News filters through (from those gossip-gathering photographers, of course) that the drenched Meeting House Square has been using the towel too much and has decided to throw it in for the night. The last two Scots bands have been relocated to ALT for the finale – hooray for us, and Hooray For Humans end up with a bigger crowd as a happy consequence. We adore this band, whose compelling performance includes drama, thrills and band-and-audience bonding over the understanding that this is showbusiness. Great songs, great shouting, great gig. After a 20-minute break, we are charmed beyond science by Glasgow geek-fest, We Are The Physics; we hope a few Irish bands were here to witness their theatrical, synchronised and damned entertaining approach to performance.

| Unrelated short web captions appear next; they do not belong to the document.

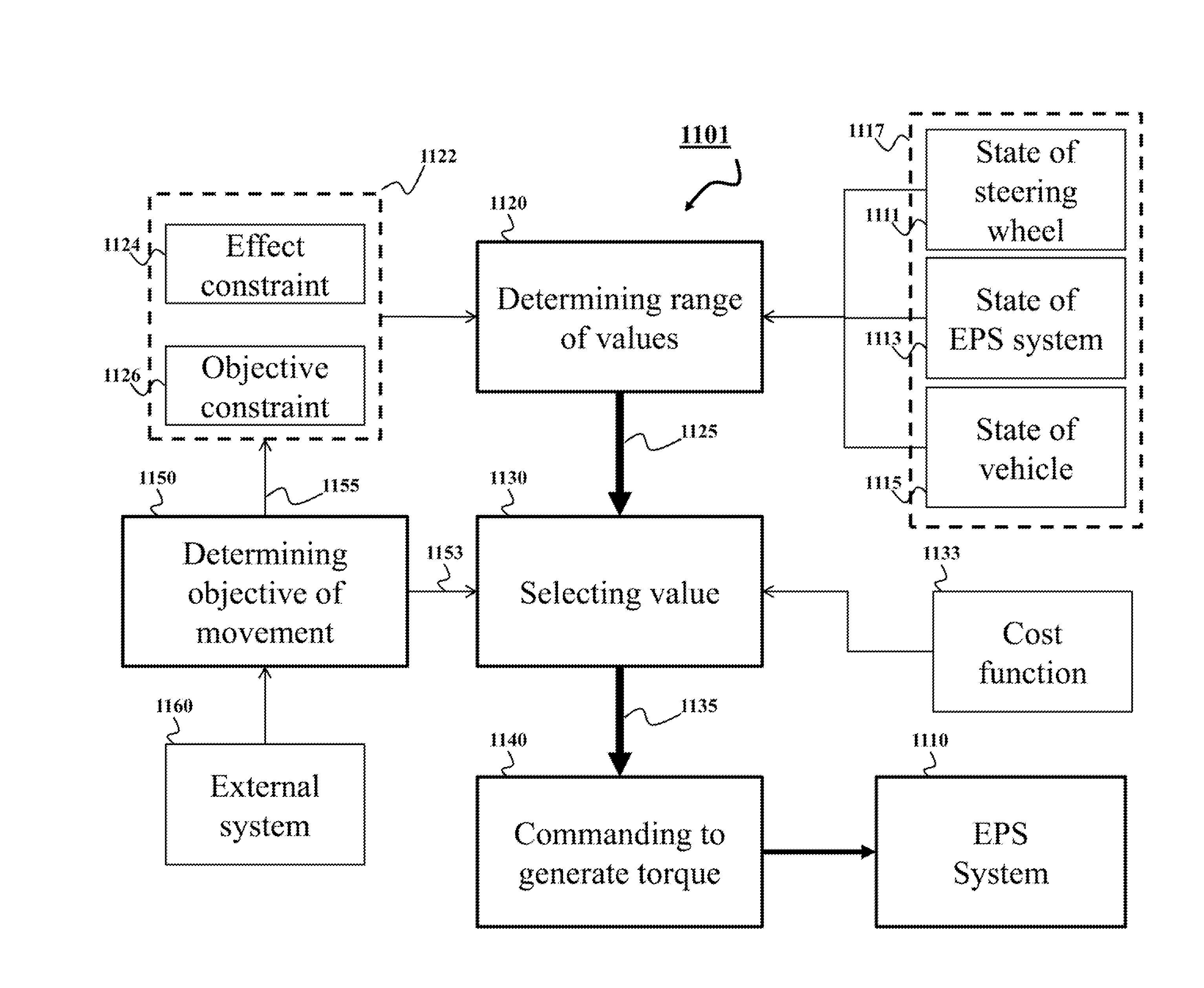 System and Method for Controlling Electric Power Steering System
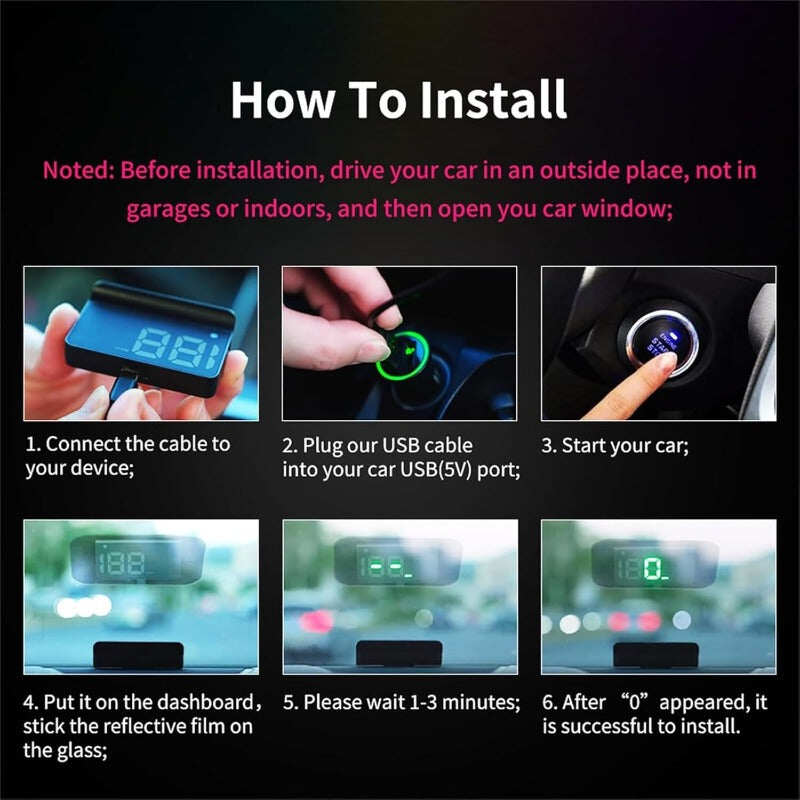 Dual GPS Car HUD Display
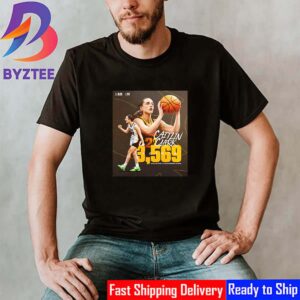 Congrats Caitlin Clark 3569 Points NCAA All-Time Leading Womens Scorer Vintage T-Shirt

They’ve built sharp-dressing, sharper observation and the sharpest of comic timing around a core of tightly-constructed, wonderfully spiked and perfectly peaked punk-pop tunes – the sort of songs that get miserablists’ goat, basically. Wonderful.
Finally, the Scottish Invasion’s curators themselves, Sons And Daughters end the evening, and the weekend, on a pitch-perfect note. Despite the absence of mummy-to-be bassist Ailidh Lennon, they are, as always, frighteningly brilliant. Adele Bethel and Scott Paterson sparkle with dark, scathing, sexy energy, dancing a hellish, gritty flamenco around the stage on rousing tunes like -Gilt Complex’, -Dance Me In’ and -Johnny Cash’. But the highlight was (only just) the terrifying mini-Taggart episode, -Rama Lama’, where every frozen drip of the tale’s Glasgow tenement bath slides down our collective spines. Wonderful and frightening.
So ends Hard Working Class Heroes 2008; despite the monsoon conditions, we are buoyed by the experience and assured that Ireland has a pool of talent with real potential. Once again, we finish with the hope that next year will bring even more inventive, imaginative, energetic, performance-based acts with something passionate, informed and original to say to us, rather than rehashes of what the UK or USA has already brought us. Songwriters, pick up your pens and instruments and start working on genuinely entertaining us all, right now.